Their manager, Chris Hughton, admitted yesterday that under those circumstances Goodison Park, where Everton had not lost in the League since the Merseyside derby 10 months ago, was not a venue he looked forward to visiting with any real confidence. Newcastle responded with a display of enormous energy and spirit of the kind that they notably failed to deliver for their icon, Alan Shearer, as they slid towards relegation.

Newcastle crowds demand several things as the price of their love. They expect hard work but they relish the sort of skill displayed by Hatem Ben Arfa, a wayward child of French football, whose record of onfield brilliance and off-pitch indiscipline makes him a footballer born to play for Newcastle.

His goal, delivered from 25 yards, was emphatic enough to win any game of football. It struck the net beneath the Gwladys End, whose advertising hoardings displayed black and white engravings of the Everton team. They looked down like busts of dead Roman emperors on a scene of chaos.

Ben Arfa played with skill and increasing swagger; taking down Joey Barton's overhit free-kick when surrounded by blue shirts as if football were suddenly awarding marks for artistic merit.

Newcastle might have won more comfortably.
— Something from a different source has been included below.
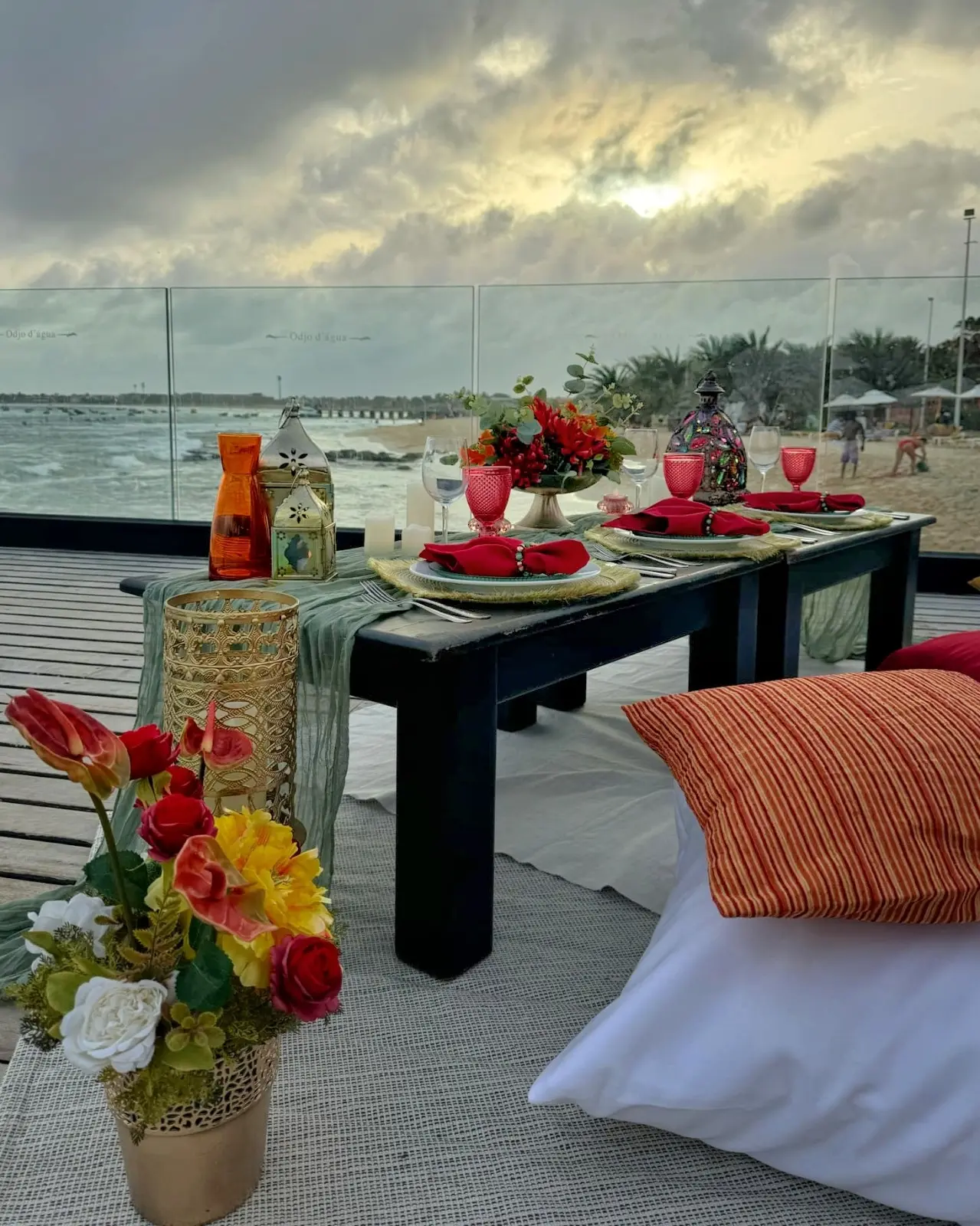 Mesa de piquenique com almofadas em tons de laranja e vermelho e vista para o mar ao pôr do sol em Santa Maria, Ilha do Sal, Cabo Verde.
Aside from a muscular header from Phil Jagielka that whistled past the post, Everton were hounded and harried almost until the final whistle and those like Everton's one-time midfield hero, Peter Reid, for whom the art of the tackle has been irredeemably lost, would have had their faith somewhat restored.

The tackle by Seamus Coleman on Kevin Nolan midway through the second half as he met Ben Arfa's pass was dreadfully timed and should have been answered by a penalty. It was not the only mistimed challenge.

In the first half, Jermaine Beckford, who might have joined Newcastle in the summer, slid in just as Steve Harper was preparing to make a clearance. The challenge was stupid and unnecessary rather than malicious and left Newcastle's goalkeeper with shoulder ligament damage.

His replacement was Tim Krul, whose career sums up the lot of reserve goalkeepers. He signed for Newcastle from Den Haag four years ago and this was his first Premier League game, though he had appeared against Palermo in the days when Newcastle appeared in the Uefa Cup and had performed minor heroics. Until he gathered Yakubu's rebound from the foot of the post in stoppage time, Krul was asked to do nothing risky, let alone heroic. And that surely was the measure of Everton's defeat.